Mercy is the theme that threads itself through the readings today. To receive mercy is to receive a gift we know we do not ever really deserve. It is an extraordinary experience of being loved and freed which restores a sense of relationship and hope. There is something energising about the experience of mercy. It naturally awakens in us a desire to try again because of the deep sense of gratitude one feels. It is the experience of sin and of mercy that often shakes us out of an apathetic following of Christ and is transformative.
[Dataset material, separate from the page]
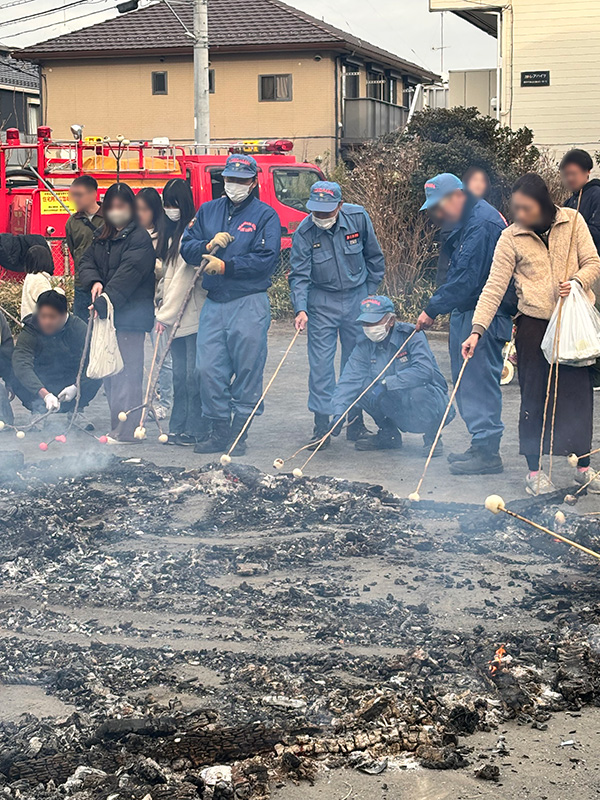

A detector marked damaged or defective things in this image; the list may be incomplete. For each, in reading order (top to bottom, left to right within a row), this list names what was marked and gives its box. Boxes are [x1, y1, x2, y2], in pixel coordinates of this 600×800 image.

burnt debris [1, 460, 600, 796]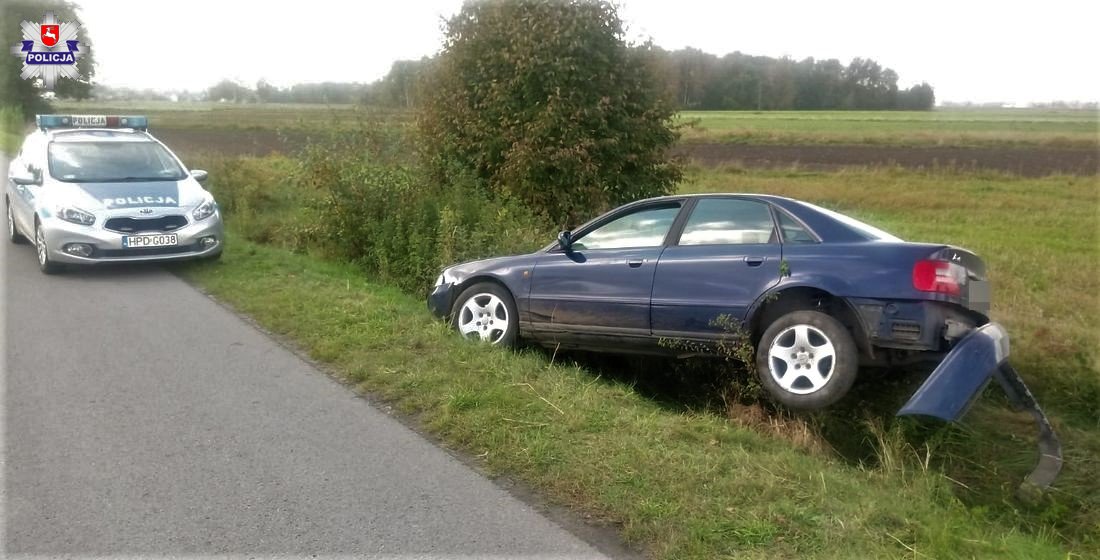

This dynamic is so evident in the musical and movie Les Miserables. The main character, Jean Valjean, has been jailed with hard labour for years for stealing a loaf of bread when he was starving. When he is eventually released, he cannot find work. Starving and in despair, a kindly bishop gives him hospitality for the night. In desperation he steals some of the Bishop’s silverware and makes off with it. The police arrest him and drag him back to the Bishop’s house. In an act of extraordinary mercy the Bishop tells the police that the silverware was not stolen but was a gift to Valjean and that, in addition, he wants him to have the two expensive silver candlesticks he had “forgotten” as well. This experience of abundant mercy provides the impetus for Valjean to start a whole new life.
By its nature, mercy has no limits. Mercy is a key attribute of God and also a quality we are called to show in our relationship with others. There is the expectation and hope that God will receive us with gentleness and mercy, because that is who God is, but there is also the invitation for us to become more like the God of mercy ourselves. Where a relationship remains destructive to us we may need to keep a distance to protect ourselves, while at the same time, remembering the mercy God has shown us, asking that his mercy may spill over allowing us to forgive and to experience the freedom mercy brings.